Among the entries below, find the line with "Eric Ericson Chamber", then quote it and each following line up to and including the line with "Delaforce vintage 1975", and nothing else.

§ **DATA FOR REVIEW**:
▬▬▬▬▬▬▬▬▬▬

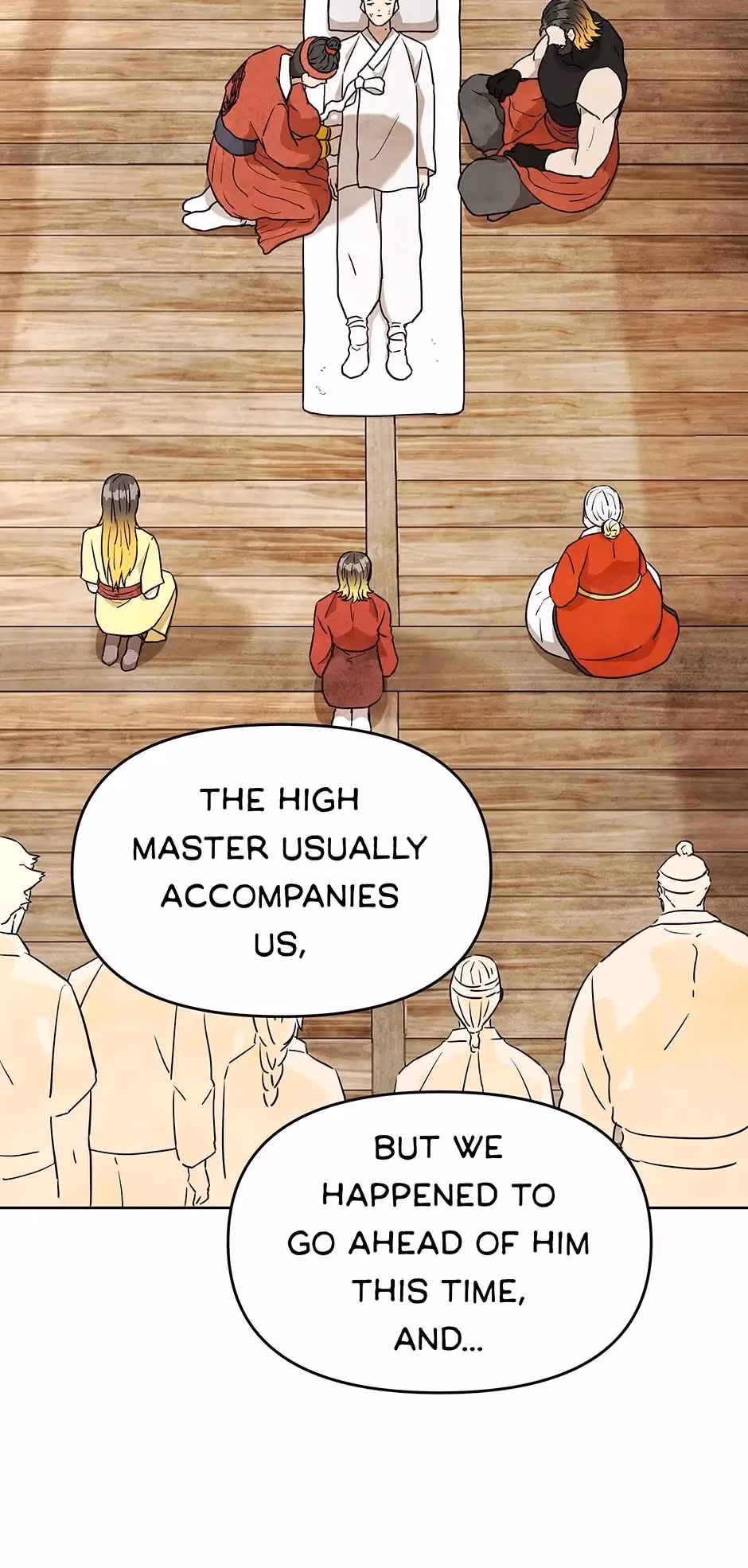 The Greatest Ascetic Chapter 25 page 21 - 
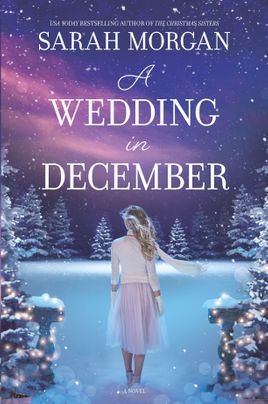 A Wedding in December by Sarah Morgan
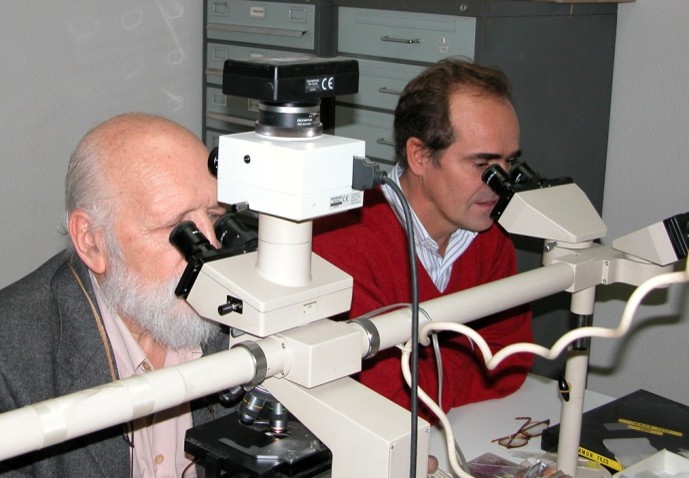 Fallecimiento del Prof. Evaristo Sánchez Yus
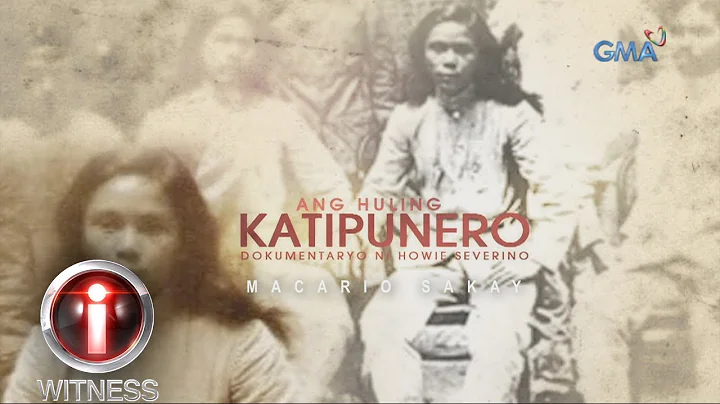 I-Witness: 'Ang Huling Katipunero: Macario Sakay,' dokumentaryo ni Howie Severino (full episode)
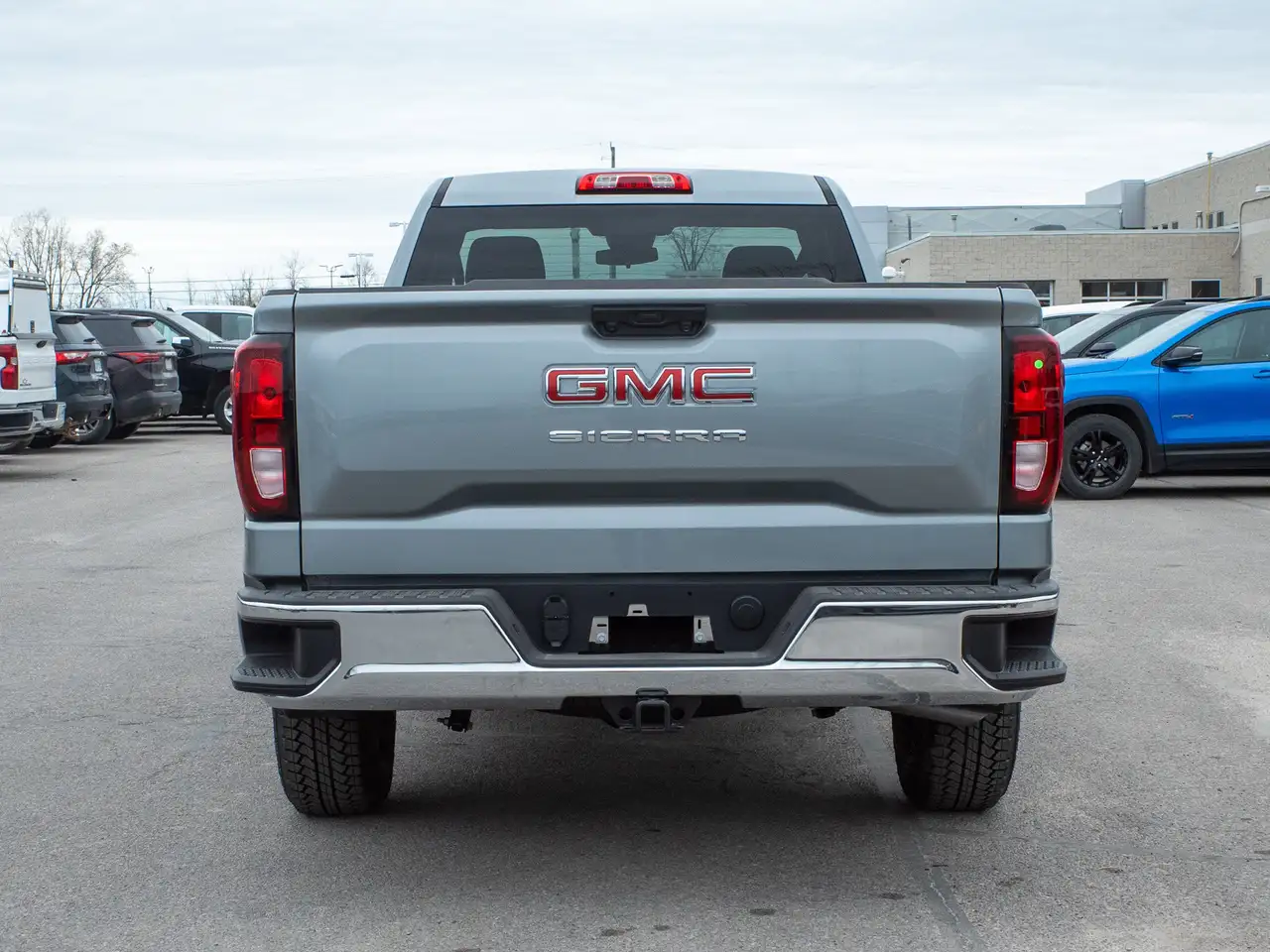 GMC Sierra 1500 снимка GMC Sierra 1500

▬▬▬▬▬▬▬▬▬▬

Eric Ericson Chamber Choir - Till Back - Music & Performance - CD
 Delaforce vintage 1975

▬▬▬▬▬▬▬▬▬▬

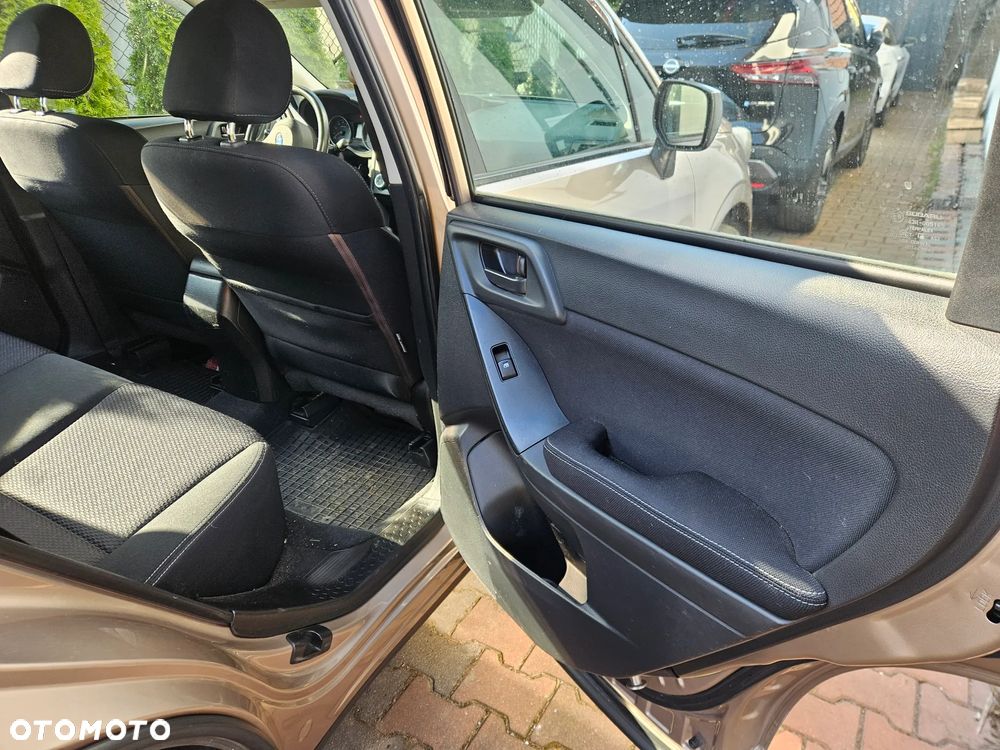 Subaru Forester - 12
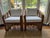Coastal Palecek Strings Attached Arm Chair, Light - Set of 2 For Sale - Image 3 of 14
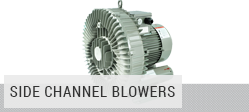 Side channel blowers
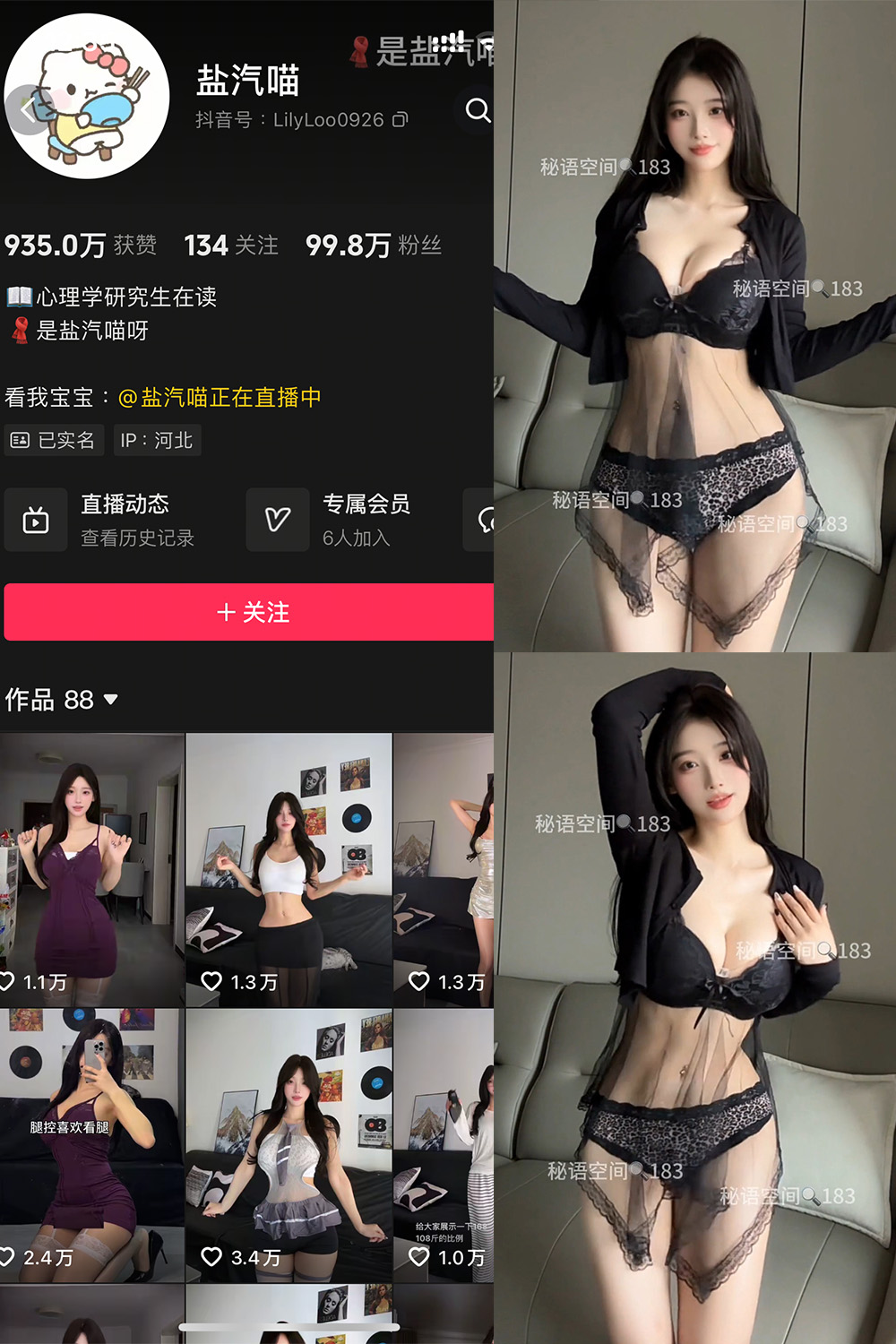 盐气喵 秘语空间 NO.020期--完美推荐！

▬▬▬▬▬▬▬▬▬▬

§ **SOLUTION TO THIS EXERCISE**:
Eric Ericson Chamber Choir - Till Back - Music & Performance - CD
 Delaforce vintage 1975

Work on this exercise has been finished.